I wouldn't say that physical sickness has straight connection with demons or spirits. We live in this physical body that never shall inherit the Kingdom of God.

About demonic activities, it was summer 1990 when two of my classmates was possessed by some kind of unclean spirits. They were drinking beer and booze, and we had this little camp with friends in the forest near the town. It is not unusual that in Finland 15-16 years drink alcohol at weekends.
Well, it was scary evening. There was no spiritism or magical things, we just hanged around, but suddenly on guy freaked out and then the spirit moved to other guy. I know that other guy is not Christian today, other guy has moved to other town, so I don't know anything about him.


----------



## Constantlyreforming

Is there anyone here who believes that Satan and his demons are bound and unable to possess?


----------



## Fogetaboutit

Constantlyreforming said:


> Is there anyone here who believes that Satan and his demons are bound and unable to possess?



I believe that Satan is bound (meaning he no longer can decieve the nation in rejecting the gospel since God has elects in all nations), but I wouldn't go as far as saying he is unable to possess. I do not believe scripture teaches that all demonic activity have ceased.


----------



## Miss Marple

"We live in this physical body that never shall inherit the Kingdom of God."

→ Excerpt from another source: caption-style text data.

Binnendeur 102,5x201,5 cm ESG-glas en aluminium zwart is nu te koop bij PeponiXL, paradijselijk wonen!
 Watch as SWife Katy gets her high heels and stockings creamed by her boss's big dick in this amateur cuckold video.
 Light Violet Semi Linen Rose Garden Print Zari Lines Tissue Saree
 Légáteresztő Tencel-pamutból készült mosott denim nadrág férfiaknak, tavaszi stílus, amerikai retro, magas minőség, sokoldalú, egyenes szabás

? What about the resurrection?


----------



## KaphLamedh

Miss Marple said:


> "We live in this physical body that never shall inherit the Kingdom of God."
> 
> ? What about the resurrection?



1.Cor. 15:51 Behold, I tell you a mystery: We all shall not sleep, but we shall all be changed,


----------



## Miss Marple

KaphLamedh said:


> Miss Marple said:
> 
> 
> 
> "We live in this physical body that never shall inherit the Kingdom of God."
> 
> ? What about the resurrection?
> 
> 
> 
> 
> 1.Cor. 15:51 Behold, I tell you a mystery: We all shall not sleep, but we shall all be changed,
Click to expand...


I understand our bodies will be changed/made perfect, but still, our bodies are redeemed, no? Just as our souls will change in that all vestiges of sin will be removed, yet they remain our souls?


----------